Скотт Тейлор, студент, который учился с Юстасом в те годы, вспоминает: «…с широкой улыбкой, в одеждах из оленьих шкур, он казался самым крутым парнем в мире. Мне очень хотелось посмотреть, как там у него в вигваме, – но не напрашиваться же в гости». Спустя некоторое время Скотт все-таки напросился. Стоял «прекрасный дождливый осенний день», и Юстас усадил гостя у ручья и заставил резать овощи для рагу. Скотт никогда не делал ничего подобного, и этот опыт был для него как удар электрическим током. Он вырос в консервативной семье в пригороде, рано женился и поступил в колледж, чтобы изучать химию. Всё, что Юстас говорил или делал, было для него потрясением и откровением.

Скотт вспоминает: «Мне было девятнадцать, как и моей жене. У нас была маленькая квартира, и мы пытались сделать ее похожей на типичный дом семейной пары, представляющей американский средний класс. Просто подражали своим родителям, не задумываясь о нашей собственной жизни особенно глубоко. Потом я как-то пригласил Юстаса Конвея в гости. Он молча обошел наш дом, посмотрел на всё и сказал: «Ребята, сколько же у вас барахла!» А я никогда даже не задумывался о том, что можно жить по-другому. Юстас тогда сказал: «Только представь, что ты мог бы потратить эти деньги не на вещи, а на путешествие вокруг света или на книги. Представь, как много ты узнал бы о жизни». Клянусь, я никогда не слышал, чтобы кто-то говорил что-то подобное. Юстас дал мне почитать книги о плотничном и кожевенном деле и обработке древесины, показал, что я мог бы научиться этим навыкам и делать вещи сам. Он говорил: «Знаешь, Скотт, во время летних каникул можно не только работать в офисе. Ты мог бы путешествовать автостопом по Америке или поехать посмотреть Европу». Европа! Автостоп! Это были самые экзотические слова, которые я когда-либо слышал».

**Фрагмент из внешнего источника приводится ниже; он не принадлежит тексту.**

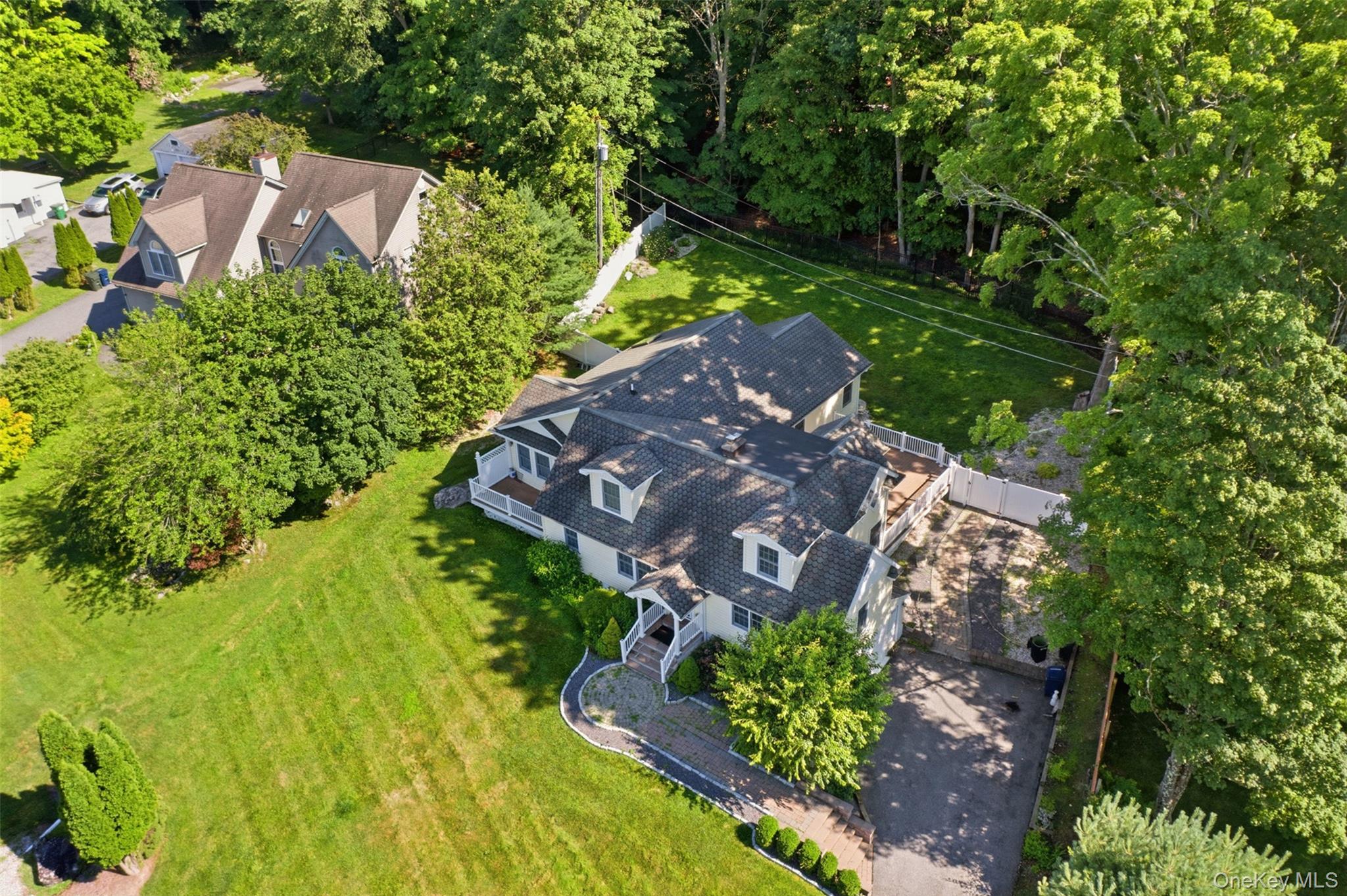 12 Leeside Road Carmel, NY 10512 - Photo 3 of 44 Expansive aerial perspective showcasing a residential property with a multi-level deck, a paved driveway, and mature landscaping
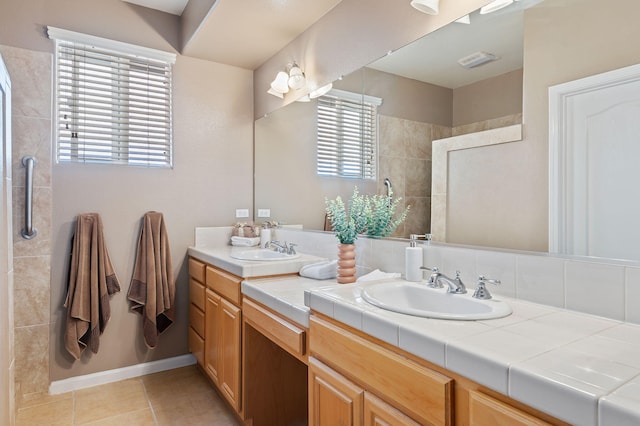 bathroom with vanity, tile patterned flooring, and tiled shower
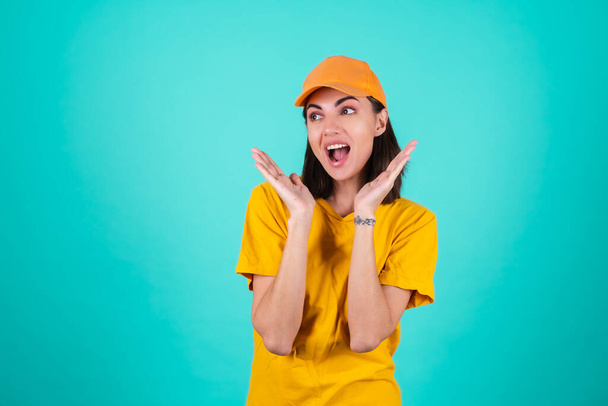 Mladá žena poslíček, kurýr, v oranžové žluté čepici na modrém pozadí šokované překvapené výkřiky - Fotografie, Obrázek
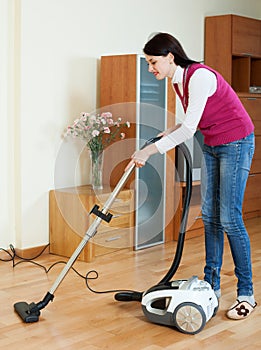 Woman cleaning with vacuum cleaner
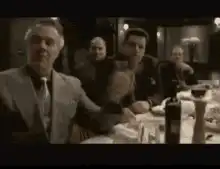 Don Corleone clapping at the table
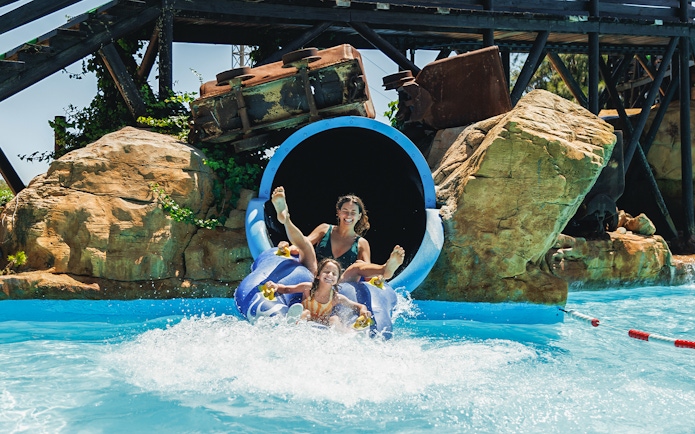 Tornado water slide at Western Water Park with people splashing into the pool.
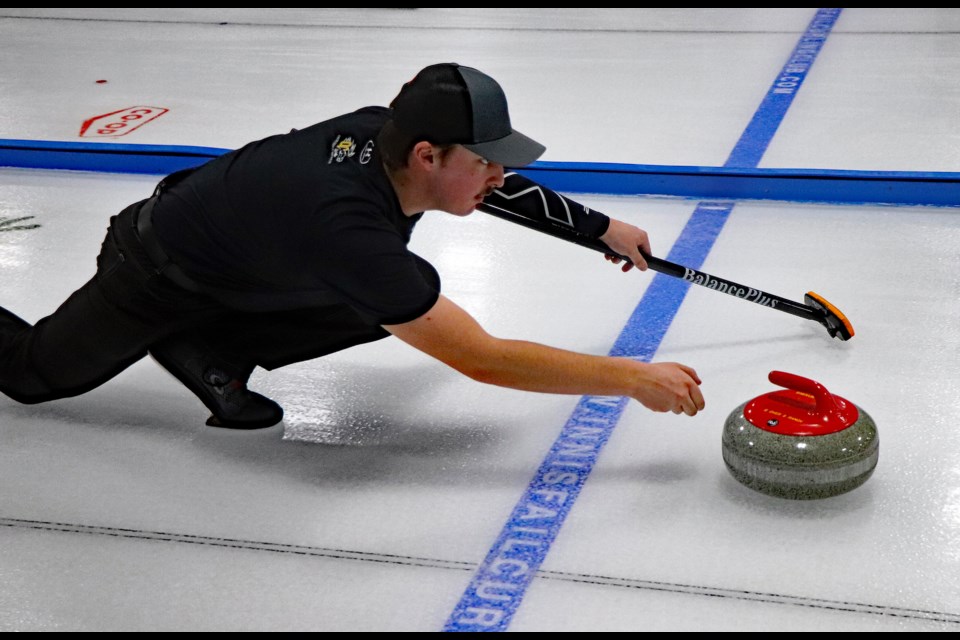 Rees Thomas delivers a throw during a semi-final game on Jan. 25 at last week's 76th Annual Innisfail Farmers/Farmerettes Bonspiel. Johnnie Bachusky/MVP Staff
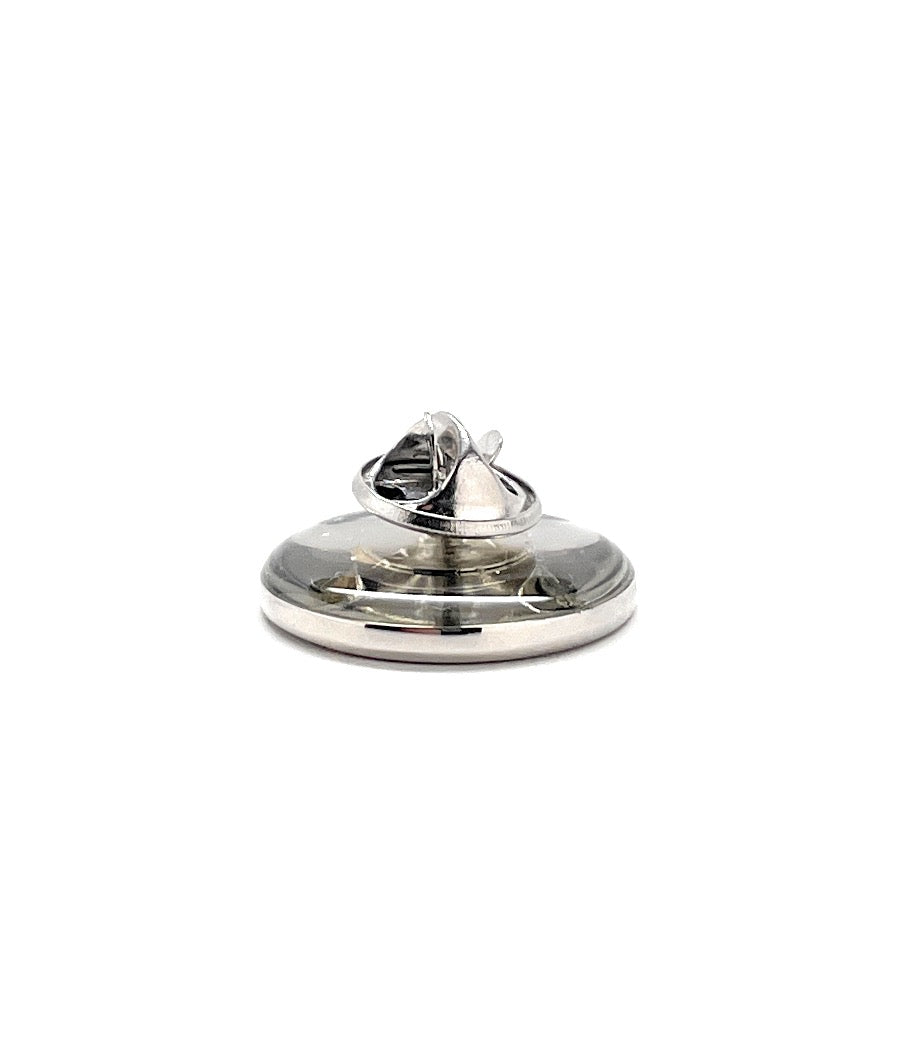 Silver ring with a clear stone on a white background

За два года учебы в колледже Гастон Юстас добился больших академических успехов и смог перевестись в Аппалачский государственный университет, расположенный в горах, в городе Бун, Северная Каролина. Обучение там длилось четыре года. Поначалу Юстас переживал, получится ли у него учиться в университете, потому что обучение

в высшем учебном заведении требовало больших интеллектуальных усилий, чем учеба в провинциальном колледже. Годы отцовской критики по-прежнему заставляли его сомневаться в своих силах; к тому же его пугало само число будущих однокурсников.

В первый день занятий он даже не стал надевать свой наряд из оленьих шкур – боялся привлечь внимание. Надев обычную одежду, рано вышел из вигвама и сел на мотоцикл, чтобы успеть осмотреться в кампусе и сориентироваться. Но по пути увидел на обочине сбитого машиной кролика и по привычке остановился и подобрал его. (Сбитое на дороге зверье давно уже стало основной его пищей. У Юстаса было такое правило: если блохи на шкурке еще живы, значит, мясо достаточно свежее и его можно есть.) Юстас сунул кролика в рюкзак, поехал дальше и первым явился на занятие по археологии. Вообще-то, до занятия оставался целый час, потому что Юстас собирался осмотреть университетскую территорию. Но у него все равно было еще много времени, а он не хотел просто сидеть без дела и потому подумал: а не освежевать ли пока кролика?

И тут его осенило. Он вспомнил слова матери, которые та часто ему повторяла: «Твоя школа будет такой, какой ты сам ее сделаешь». И вот он решил что-нибудь сделать. Поспрашивал и нашел преподавателя, который должен был вести сегодняшнюю лекцию. Преподавателем оказалась женщина, профессор Клоусон; она только что закончила Гарвард, и это был не просто ее первый рабочий день в этом университете, но первый рабочий день вообще, – а еще она никогда раньше не жила на Юге. Должно быть, Юстас здорово ее напугал.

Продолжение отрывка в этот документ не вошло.